■ What to do
Please write out every line of the listing without alteration, but omit the images.

■ The data
■ ■ ■ ■ ■ ■ ■

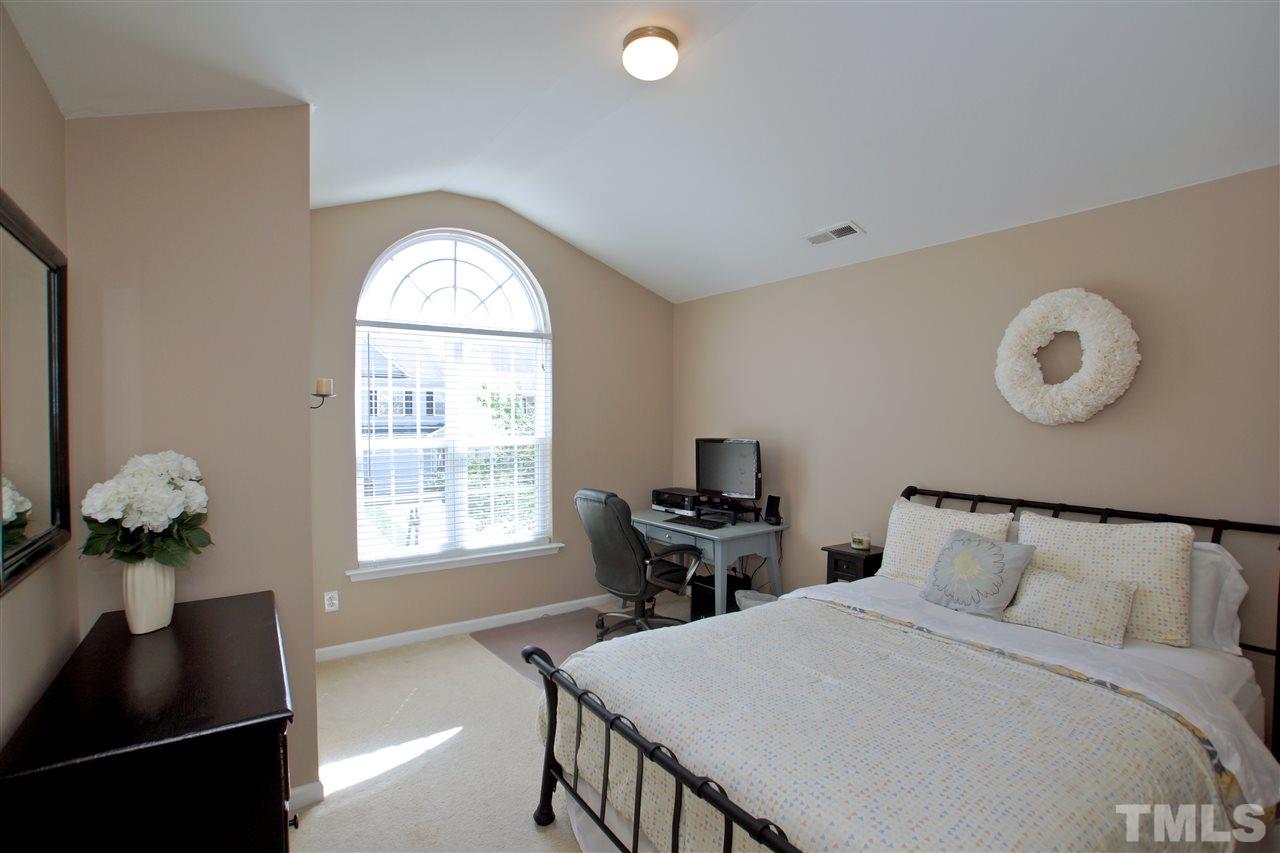 2161 Metacomet Way Raleigh, NC 27604 - Photo 15 of 21 a bedroom with a bed and a window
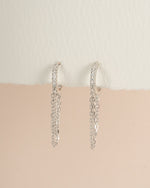 Sterling silver chain link huggie earrings by Sami Jewels, angled view showing the small, interconnected hoop design.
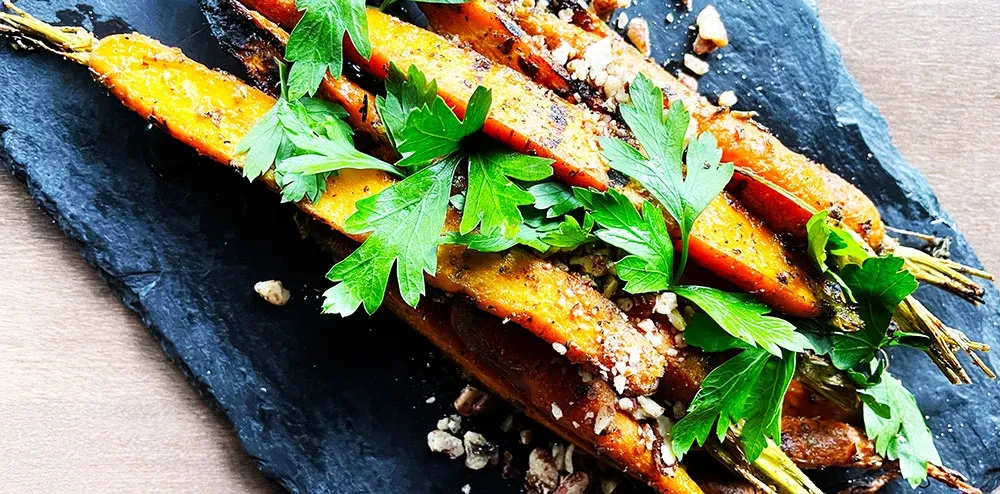 Roasted carrots with parsley and chopped nuts on a slate board.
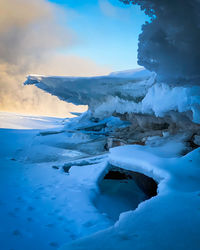 Scenic view of snow covered landscape against sky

■ ■ ■ ■ ■ ■ ■

■ Worked solution
 2161 Metacomet Way Raleigh, NC 27604 - Photo 15 of 21 a bedroom with a bed and a window
 Sterling silver chain link huggie earrings by Sami Jewels, angled view showing the small, interconnected hoop design.
 Roasted carrots with parsley and chopped nuts on a slate board.
 Scenic view of snow covered landscape against sky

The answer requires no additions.